28 May 2011 saw Dimmu Borgir, for the first time in the band's career, perform live with a full symphony orchestra and choir in a one-off show with the Norwegian Broadcasting Orchestra and Schola Cantorum Choir (who collaborated on Abrahadabra the previous year) at the Oslo Spectrum entitled "Forces of the Northern Night". This was broadcast live on Norway's main national TV carrier NRK. The setlist for this show consisted of tracks from the band's recent transfiguration Abrahadabra, leading tracks "Vredysbyrd" and "Progenies of the Great Apocalypse" from Death Cult Armageddon, as well as newly updated versions of tracks from their standard back catalog; "The Serpentine Offering", "Kings of the Carnival Creation", and "Mourning Palace" which were re-orchestrated by Gaute Storaas. The band played a similar show the following year at the Wacken Open Air festival, having yet performed a second live show with a symphony orchestra and choir. This time, they were accompanied by the Czech National Orchestra with the same choir, being the second band in the festival's history to play with a live orchestra and choir (next to German power metal band Rage's 2007 performance). The show was broadcast live on Germany's Kultur TV arts channel. Silenoz has also said in several recent interviews that both live sets have been fully mixed and will be accompanied by a feature-length documentary and bonus material when released. In late 2011-2012 the band went on a special tour for fans in various European countries, including playing in some small, intimate venues celebrating their 1997 album Enthrone Darkness Triumphant by playing the album in its entirety, alongside an additional set of various fan favourite tracks, following a poll to fans directly, asking which of their first 3 albums would they want to see played in full on their next European tour.

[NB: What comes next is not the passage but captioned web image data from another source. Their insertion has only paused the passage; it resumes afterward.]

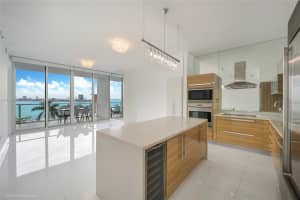 2020 N Bayshore Dr APT 708, Miami, FL 33137, Sold 06/26/24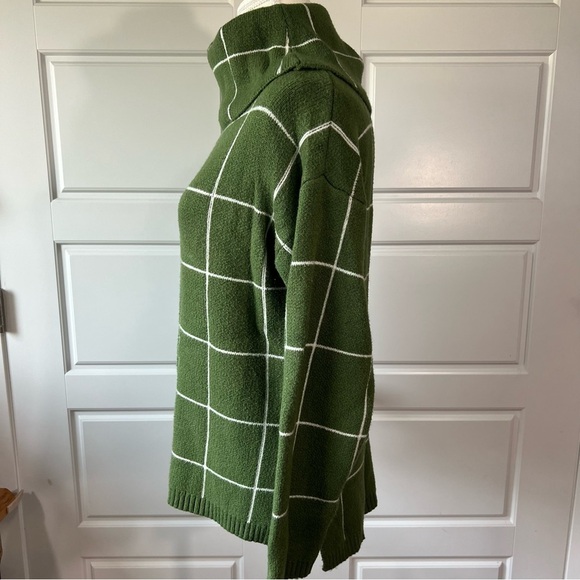Green Plaid Turtleneck Sweater Oversized Cozy Pullover Top - Picture 2 of 5
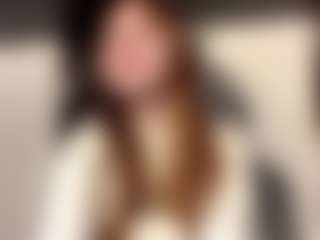 GenaGnagey's Live Sex Cam Show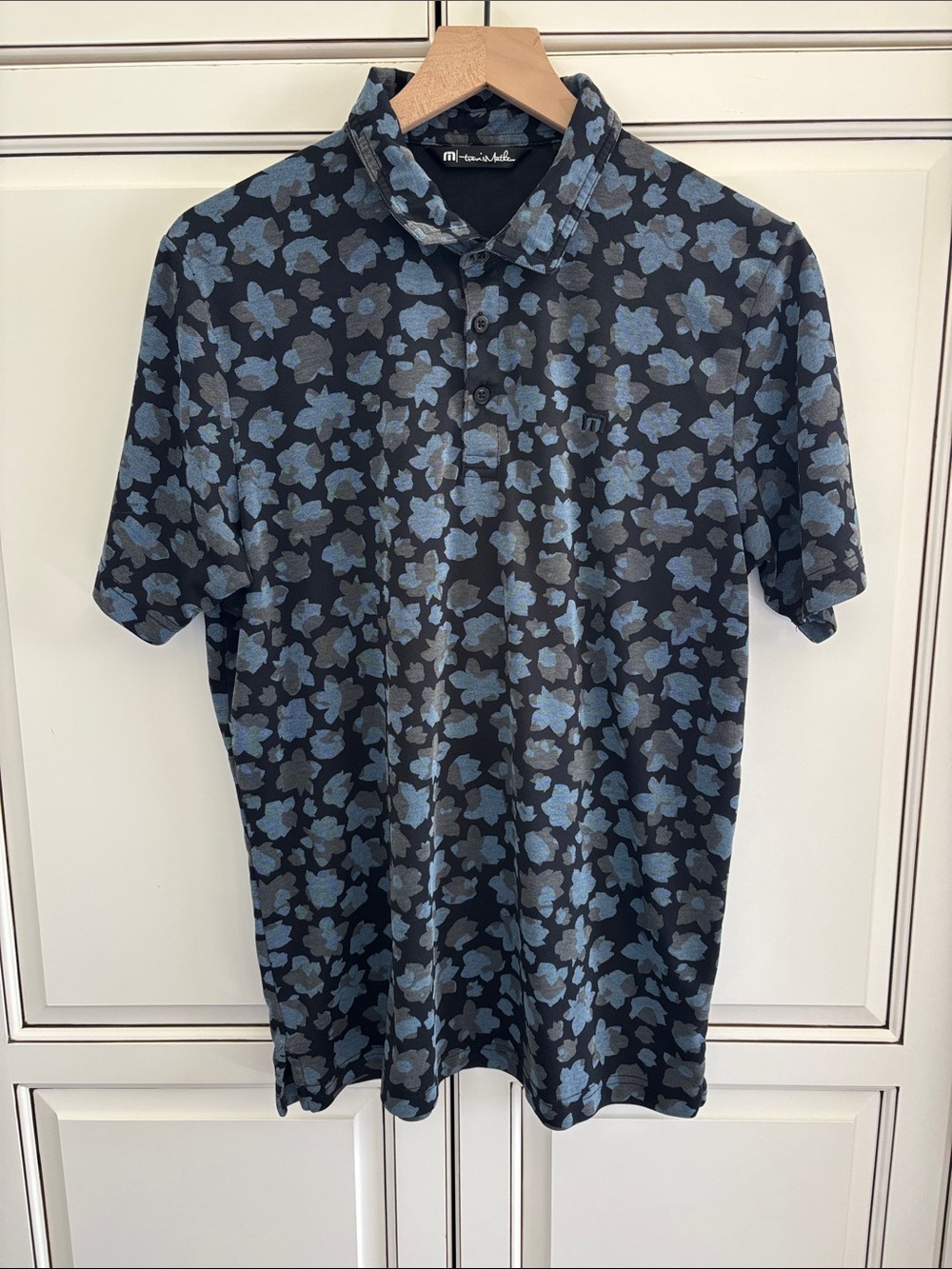 Rare Travis Mathew By The Wharf Golf SS Polo Floral Black Blue Pique Mens Large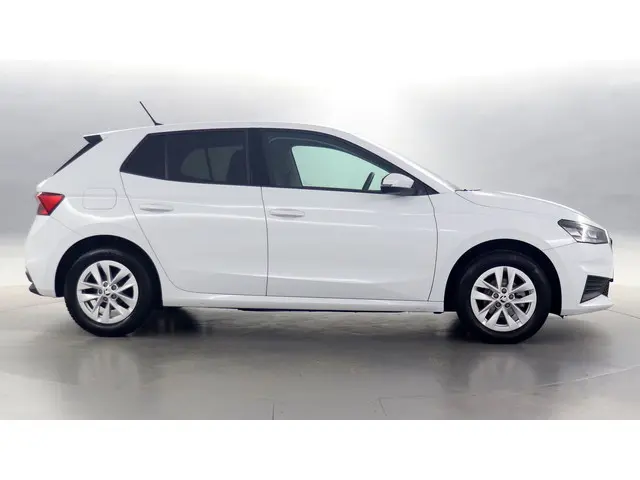 Škoda Fabia 1.0 MPI 80pk Ambition 2023 Benzine 10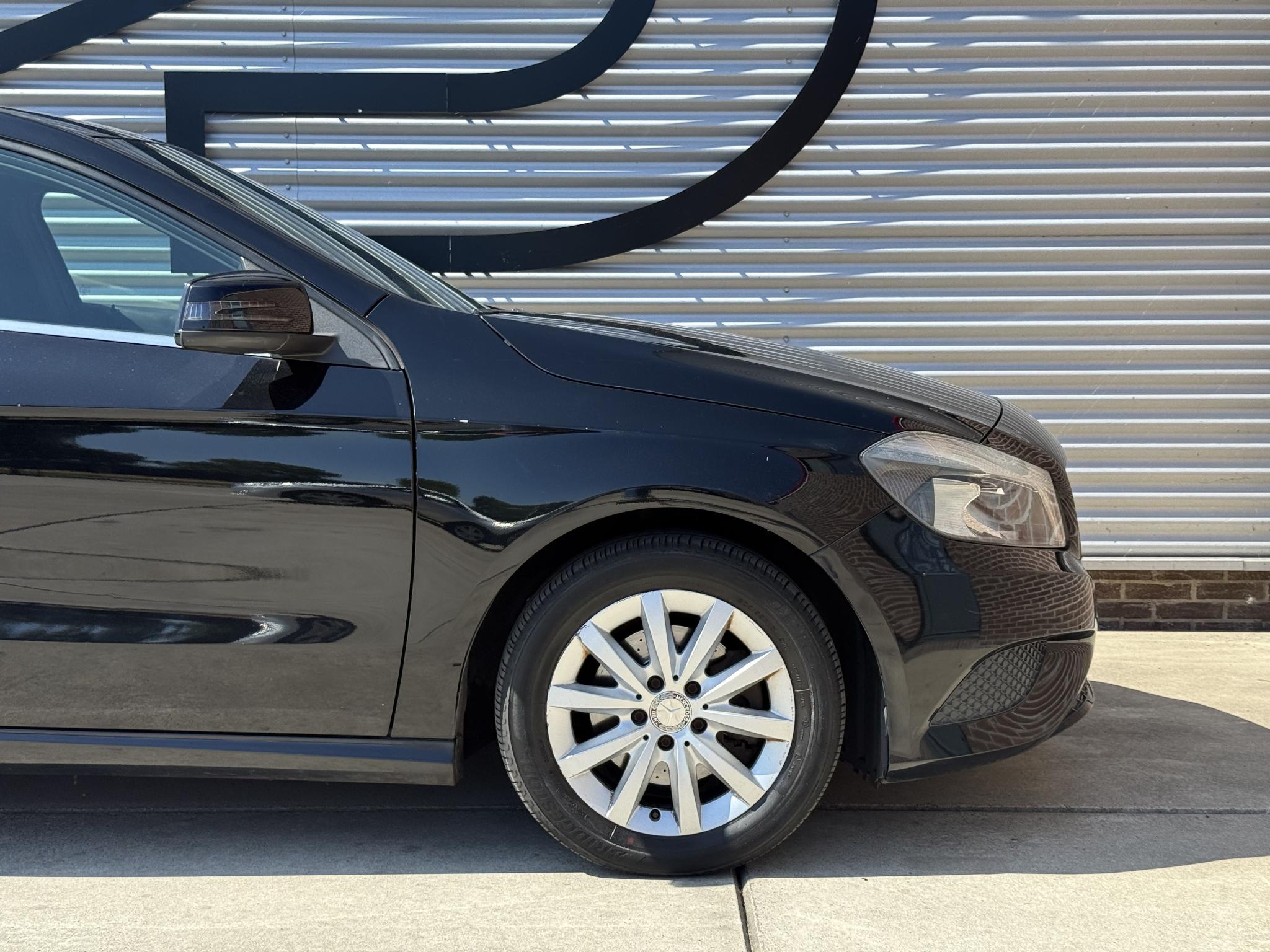 Foto van Mercedes-Benz A 180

Forces of the Northern Night and Eonian
The band originally announced in August 2013 that work had commenced on the band's next album. However, the production and release of the album has faced numerous delays. It will mark the longest-ever gap between each studio release. Following various delays, the Oslo and Wacken Orchestra performances, recorded between 2011 and 2012, were released on CD/DVD/Blu-ray format on 28 April 2017 worldwide as their third live video release titled Forces of the Northern Night. Silenoz recently revealed that the band is in the mixing stage of the follow-up to Abrahadabra. Ten songs will feature on the next album and they have said it has since been completed. On 18 December 2017 it was announced that the first single from the new album will be initially released on a 7-inch vinyl EP, and will be titled Interdimensional Summit, and was released on 23 February 2018. The new album was titled Eonian and was released on 4 May through Nuclear Blast, and marked the band's first new release of original material in almost eight years. A second song from the new album, "Council of Wolves and Snakes", was made available for streaming online on 30 March. On 28 May, it was announced that Victor Brandt (Entombed A.D., Firespawn) had officially joined as the band's new bassist.

Eleventh studio album

According to recent updates on the band member's Instagram accounts, the band are now in the process of writing and pre-production for their eleventh studio album. Silenoz has stated in a recent interview that the band would not take as long to release their next album.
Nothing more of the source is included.